On Thu, 19 Jan 2023 at 04:16, Greg Stark <stark(at)mit(dot)edu> wrote:
> I had a conversation a while back with Heikki where he expressed that
> it was annoying that we negotiate SSL/TLS the way we do since it
> introduces an extra round trip. Aside from the performance
> optimization I think accepting standard TLS connections would open the
> door to a number of other opportunities that would be worth it on
> their own.

I agree that this would be very nice.

> Other things it would open the door to in order from least
> controversial to most....
>
> * Hiding Postgres behind a standard SSL proxy terminating SSL without
> implementing the Postgres protocol.

I think there is also the option "hiding Postgres behind a standard
SNI-based SSL router that does not terminate SSL", as that's arguably
a more secure way to deploy any SSL service than SSL-terminating
proxies.

> * "Service Mesh" type tools that hide multiple services behind a
> single host/port ("Service Mesh" is just a new buzzword for "proxy").

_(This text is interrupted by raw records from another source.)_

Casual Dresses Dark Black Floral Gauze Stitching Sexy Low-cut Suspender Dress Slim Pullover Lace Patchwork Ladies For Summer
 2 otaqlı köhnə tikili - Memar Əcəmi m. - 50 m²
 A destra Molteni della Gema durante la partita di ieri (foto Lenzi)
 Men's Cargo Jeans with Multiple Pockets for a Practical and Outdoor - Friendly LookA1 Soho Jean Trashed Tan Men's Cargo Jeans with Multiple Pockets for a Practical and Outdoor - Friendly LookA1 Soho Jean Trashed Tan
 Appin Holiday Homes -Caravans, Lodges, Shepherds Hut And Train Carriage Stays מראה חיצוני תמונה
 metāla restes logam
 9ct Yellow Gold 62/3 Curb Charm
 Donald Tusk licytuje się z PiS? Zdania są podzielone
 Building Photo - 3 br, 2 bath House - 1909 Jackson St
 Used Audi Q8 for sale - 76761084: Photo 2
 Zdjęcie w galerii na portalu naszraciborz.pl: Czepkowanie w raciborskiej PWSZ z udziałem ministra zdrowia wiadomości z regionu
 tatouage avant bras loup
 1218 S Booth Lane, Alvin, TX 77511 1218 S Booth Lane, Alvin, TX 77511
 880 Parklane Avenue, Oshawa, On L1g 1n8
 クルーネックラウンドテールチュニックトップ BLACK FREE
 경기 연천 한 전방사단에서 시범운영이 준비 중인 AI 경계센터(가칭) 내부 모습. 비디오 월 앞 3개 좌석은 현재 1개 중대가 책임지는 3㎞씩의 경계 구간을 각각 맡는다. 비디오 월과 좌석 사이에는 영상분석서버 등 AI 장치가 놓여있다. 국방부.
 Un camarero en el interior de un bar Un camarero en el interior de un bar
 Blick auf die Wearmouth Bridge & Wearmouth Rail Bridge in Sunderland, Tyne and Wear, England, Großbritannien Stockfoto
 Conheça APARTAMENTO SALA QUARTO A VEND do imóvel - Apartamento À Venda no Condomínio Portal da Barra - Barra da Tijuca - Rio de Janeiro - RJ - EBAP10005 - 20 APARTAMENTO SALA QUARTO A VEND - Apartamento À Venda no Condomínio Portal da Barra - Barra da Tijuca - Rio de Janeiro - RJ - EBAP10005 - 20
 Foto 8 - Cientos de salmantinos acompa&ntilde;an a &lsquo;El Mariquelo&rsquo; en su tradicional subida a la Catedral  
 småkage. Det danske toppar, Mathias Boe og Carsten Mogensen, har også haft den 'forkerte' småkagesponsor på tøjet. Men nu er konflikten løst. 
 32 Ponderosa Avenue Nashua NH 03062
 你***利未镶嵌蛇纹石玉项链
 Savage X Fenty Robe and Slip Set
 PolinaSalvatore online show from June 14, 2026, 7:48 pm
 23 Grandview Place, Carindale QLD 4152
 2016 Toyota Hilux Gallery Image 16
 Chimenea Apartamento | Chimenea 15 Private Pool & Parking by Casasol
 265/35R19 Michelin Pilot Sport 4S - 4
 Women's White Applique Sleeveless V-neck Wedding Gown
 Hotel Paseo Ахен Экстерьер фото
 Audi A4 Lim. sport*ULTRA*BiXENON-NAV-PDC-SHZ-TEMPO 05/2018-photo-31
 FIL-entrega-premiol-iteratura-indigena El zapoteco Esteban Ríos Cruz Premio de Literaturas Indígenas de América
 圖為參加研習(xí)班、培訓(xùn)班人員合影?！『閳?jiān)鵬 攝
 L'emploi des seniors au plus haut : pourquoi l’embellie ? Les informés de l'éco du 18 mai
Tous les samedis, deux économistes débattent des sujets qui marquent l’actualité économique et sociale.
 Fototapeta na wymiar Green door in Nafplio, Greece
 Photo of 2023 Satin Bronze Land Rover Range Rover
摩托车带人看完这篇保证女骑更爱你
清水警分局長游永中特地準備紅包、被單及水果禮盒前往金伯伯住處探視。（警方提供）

People proxying PostgreSQL seems fine, and enabling better proxying
seems reasonable.

> * Browser-based protocol implementations using websockets for things
> like pgadmin or other tools to connect directly to postgres using
> Postgres wire protocol but using native SSL implementations.
>
> * Postgres could even implement an HTTP based version of its protocol
> and enable things like queries or browser based tools using straight
> up HTTP requests so they don't need to use websockets.
>
> * Postgres could implement other protocols to serve up data like
> status queries or monitoring metrics, using HTTP based standard
> protocols instead of using our own protocol.

I don't think we should be trying to serve anything HTTP-like, even
with a ten-foot pole, on a port that we serve the PostgreSQL wire
protocol on.

If someone wants to multiplex the PostgreSQL wire protocol on the same
port that serves HTTPS traffic, they're welcome to do so with their
own proxy, but I'd rather we keep the PostgreSQL server's socket
handling fundamentaly incapable of servicng protocols primarily used
in web browsers on the same socket that handles normal psql data
connections.

PostgreSQL may have its own host-based authentication with HBA, but
I'd rather not have to depend on it to filter incoming connections
between valid psql connections and people trying to grab the latest
monitoring statistics at some http endpoint - I'd rather use my trusty
firewall that can already limit access to specific ports very
efficiently without causing undue load on the database server.